[Excerpted records]:
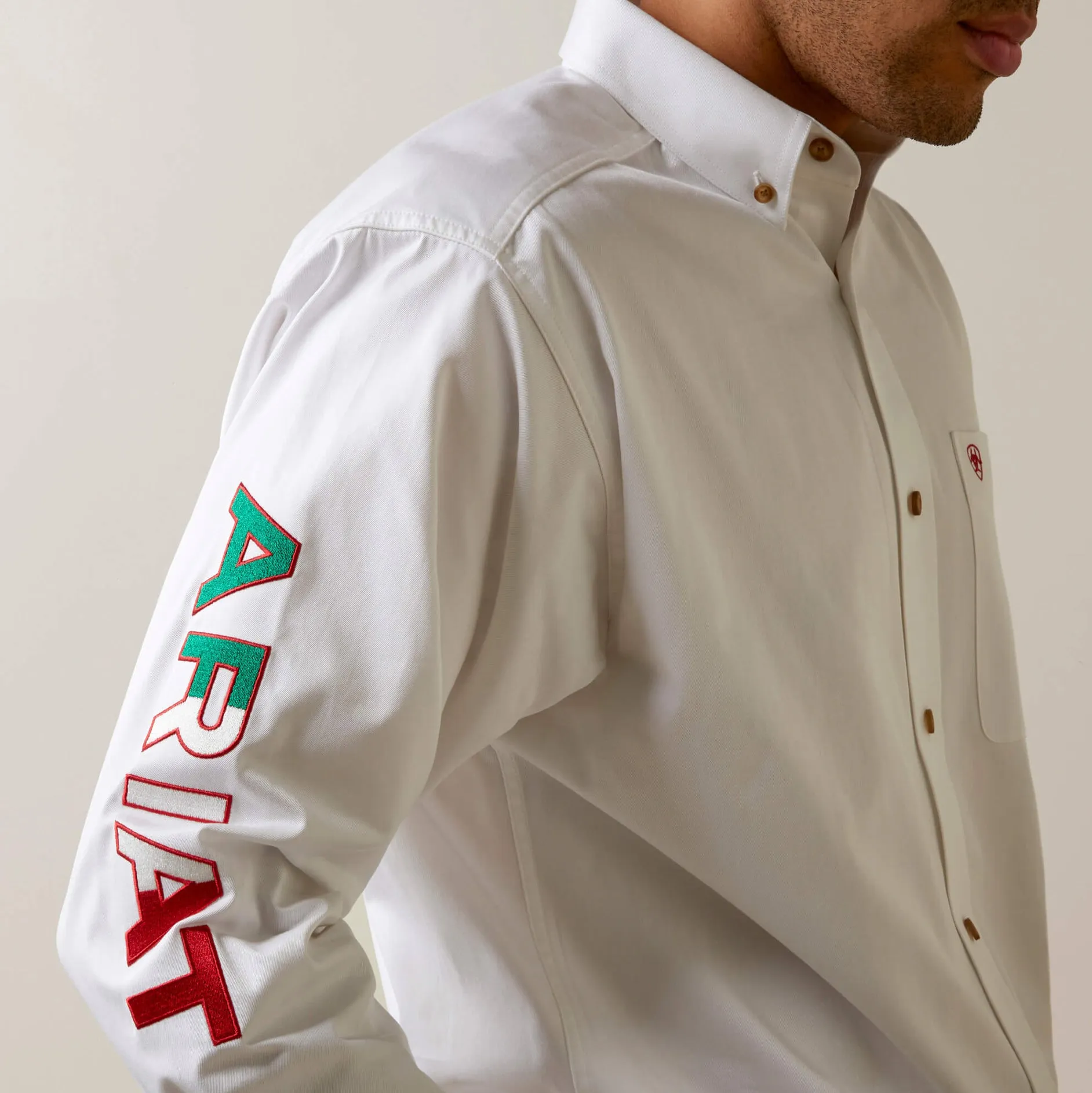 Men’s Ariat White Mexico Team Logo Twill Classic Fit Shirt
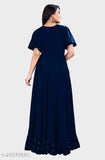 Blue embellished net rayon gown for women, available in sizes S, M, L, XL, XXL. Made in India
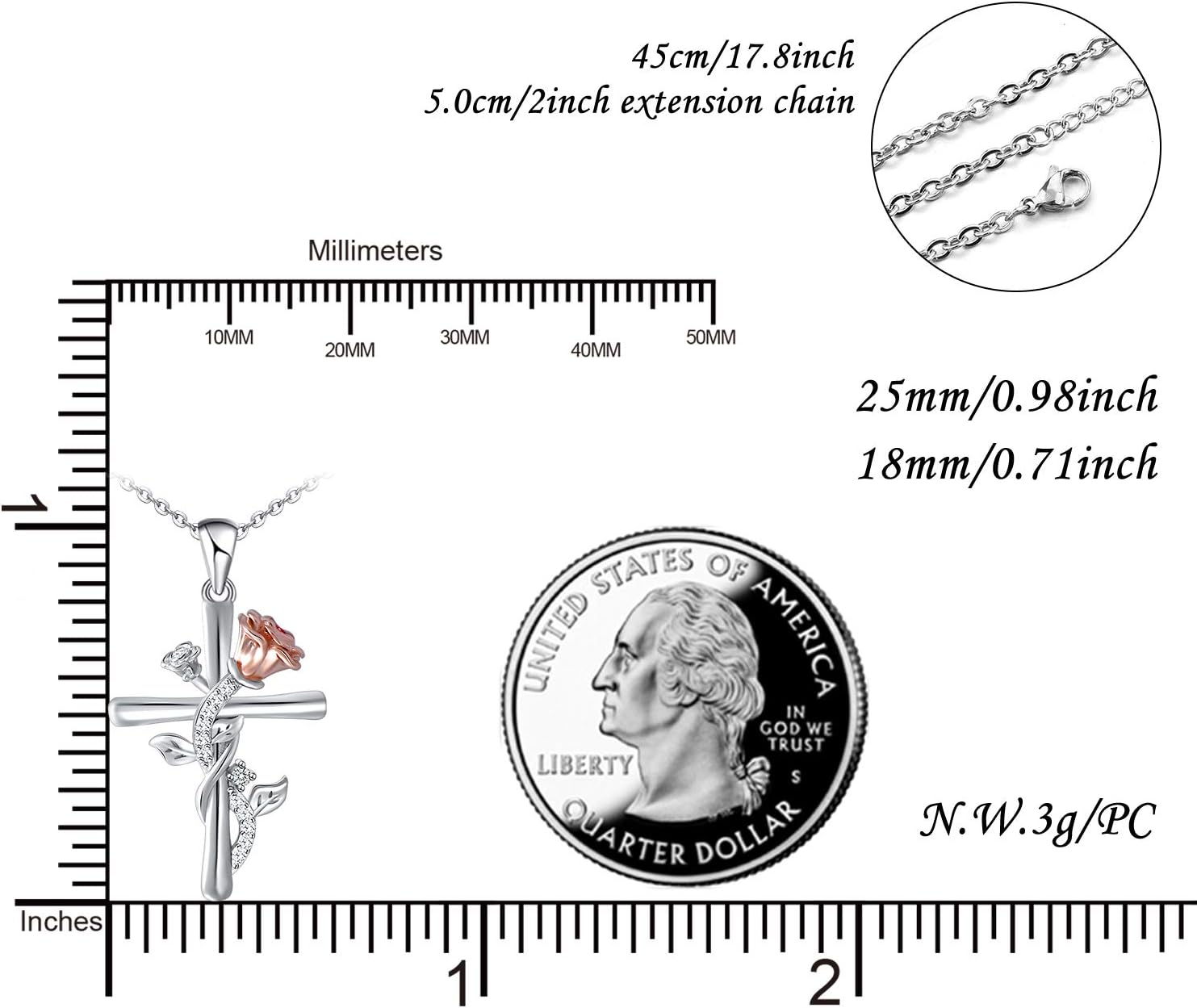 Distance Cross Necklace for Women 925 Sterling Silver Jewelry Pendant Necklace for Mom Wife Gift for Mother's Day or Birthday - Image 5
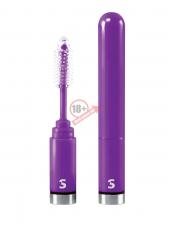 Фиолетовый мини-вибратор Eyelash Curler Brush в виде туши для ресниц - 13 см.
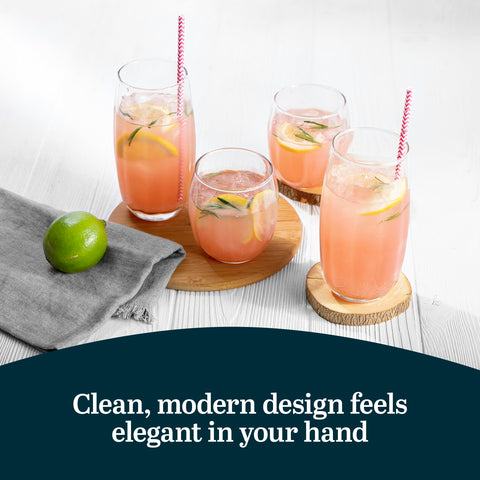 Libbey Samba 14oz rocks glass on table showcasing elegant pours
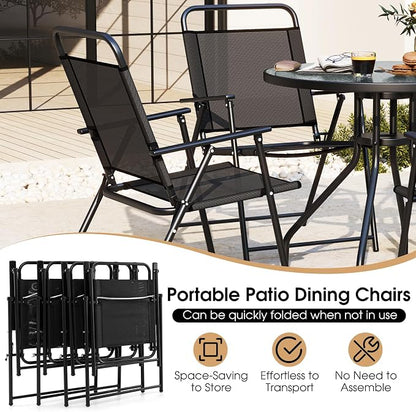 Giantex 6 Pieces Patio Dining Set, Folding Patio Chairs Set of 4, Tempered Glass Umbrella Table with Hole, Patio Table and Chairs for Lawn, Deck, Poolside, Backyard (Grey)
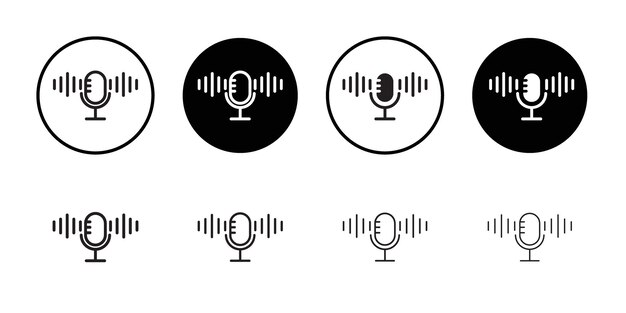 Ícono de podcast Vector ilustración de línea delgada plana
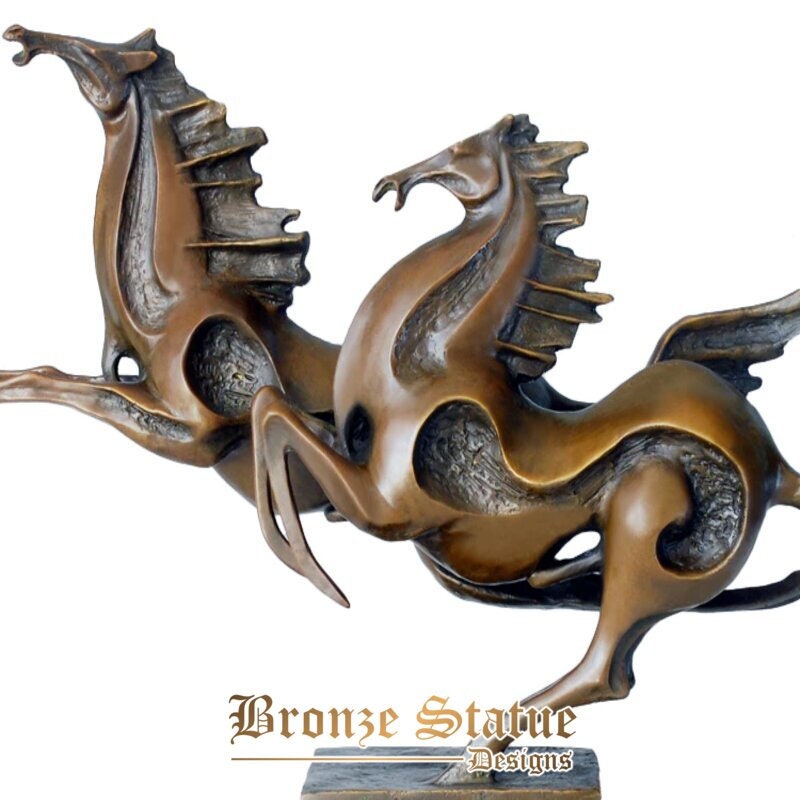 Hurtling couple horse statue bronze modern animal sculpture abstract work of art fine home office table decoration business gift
--
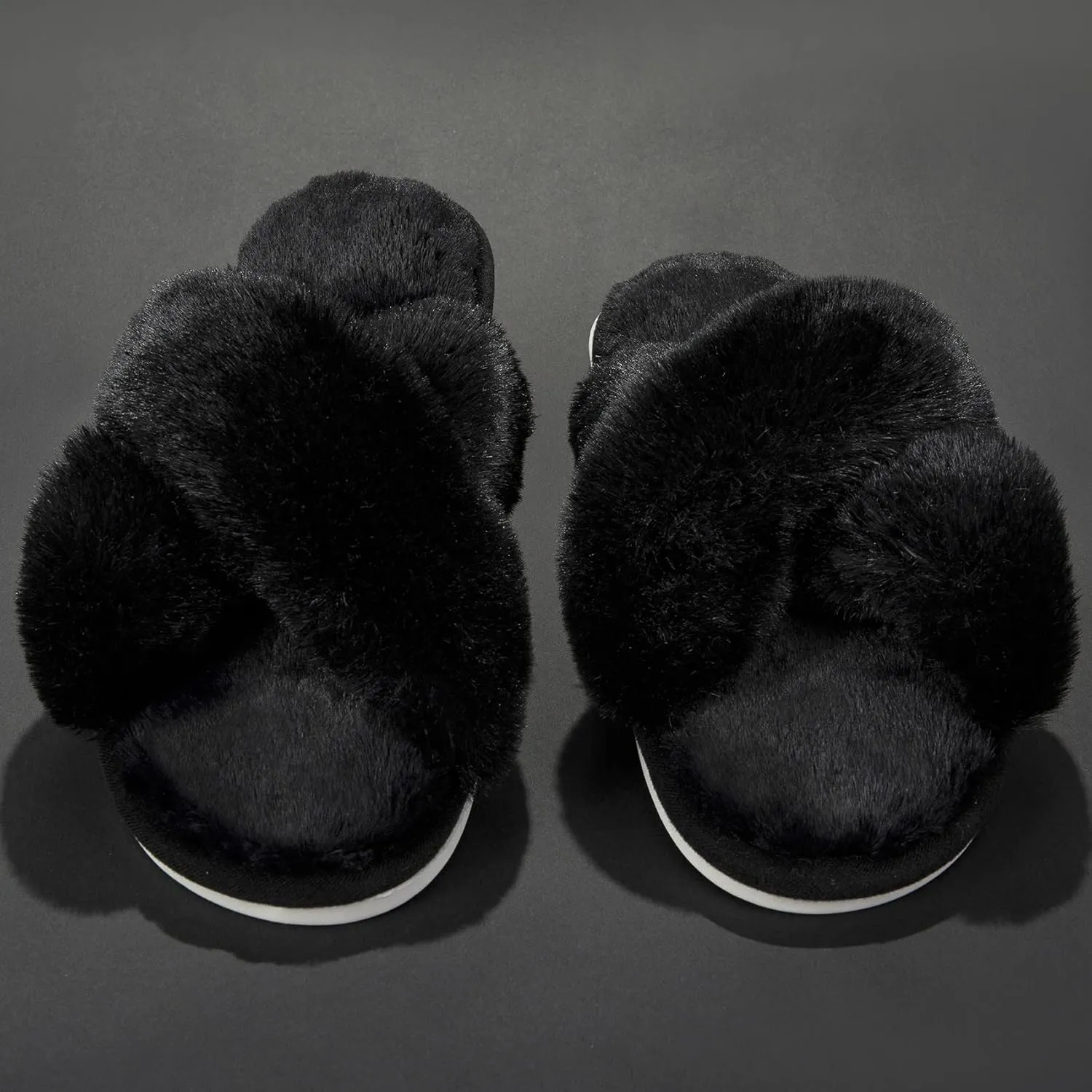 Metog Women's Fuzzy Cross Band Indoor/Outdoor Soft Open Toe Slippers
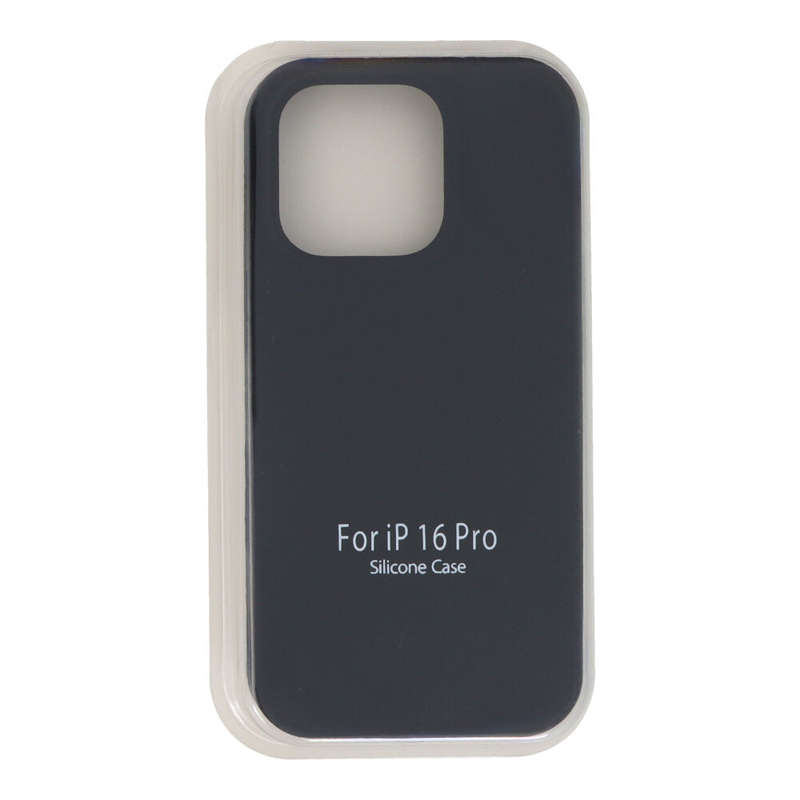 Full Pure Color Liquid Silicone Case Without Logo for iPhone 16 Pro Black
---
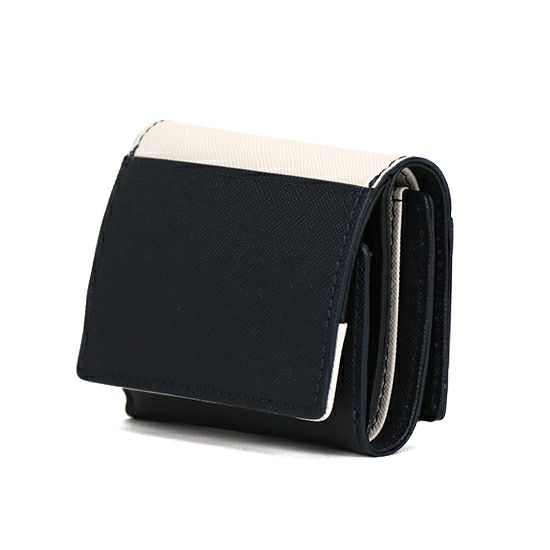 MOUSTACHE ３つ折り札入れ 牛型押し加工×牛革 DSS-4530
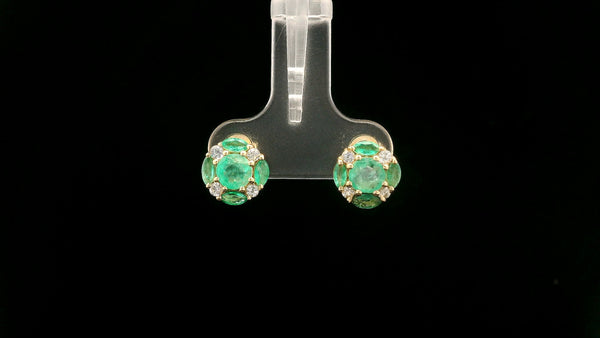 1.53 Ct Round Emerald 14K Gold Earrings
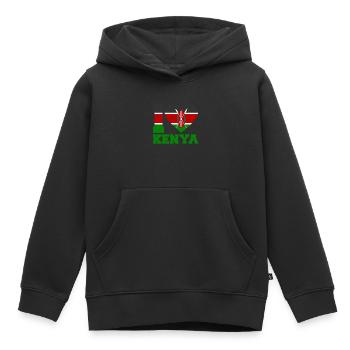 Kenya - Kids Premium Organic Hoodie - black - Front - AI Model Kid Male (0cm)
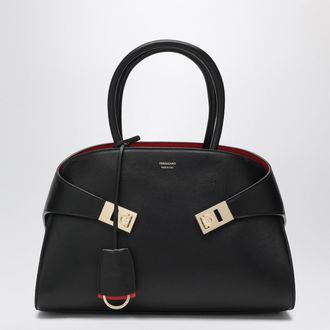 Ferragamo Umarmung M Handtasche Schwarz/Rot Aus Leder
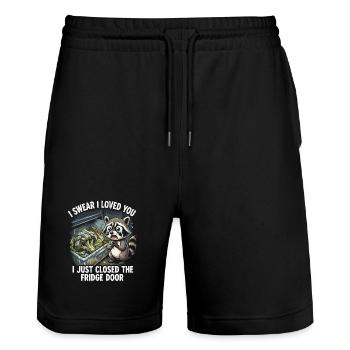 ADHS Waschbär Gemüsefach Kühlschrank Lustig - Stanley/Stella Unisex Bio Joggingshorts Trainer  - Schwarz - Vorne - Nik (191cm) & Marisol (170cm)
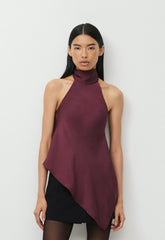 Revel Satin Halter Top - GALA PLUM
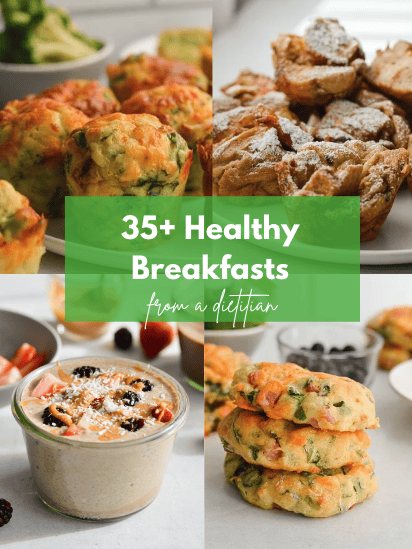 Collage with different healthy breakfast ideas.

[Work request]: Write out exactly the lines above between the one with "Ícono de podcast" and the one with "Hurtling couple horse", inclusive, with pictures left out.

[Solution for this exercise]:
 Ícono de podcast Vector ilustración de línea delgada plana
 Hurtling couple horse statue bronze modern animal sculpture abstract work of art fine home office table decoration business gift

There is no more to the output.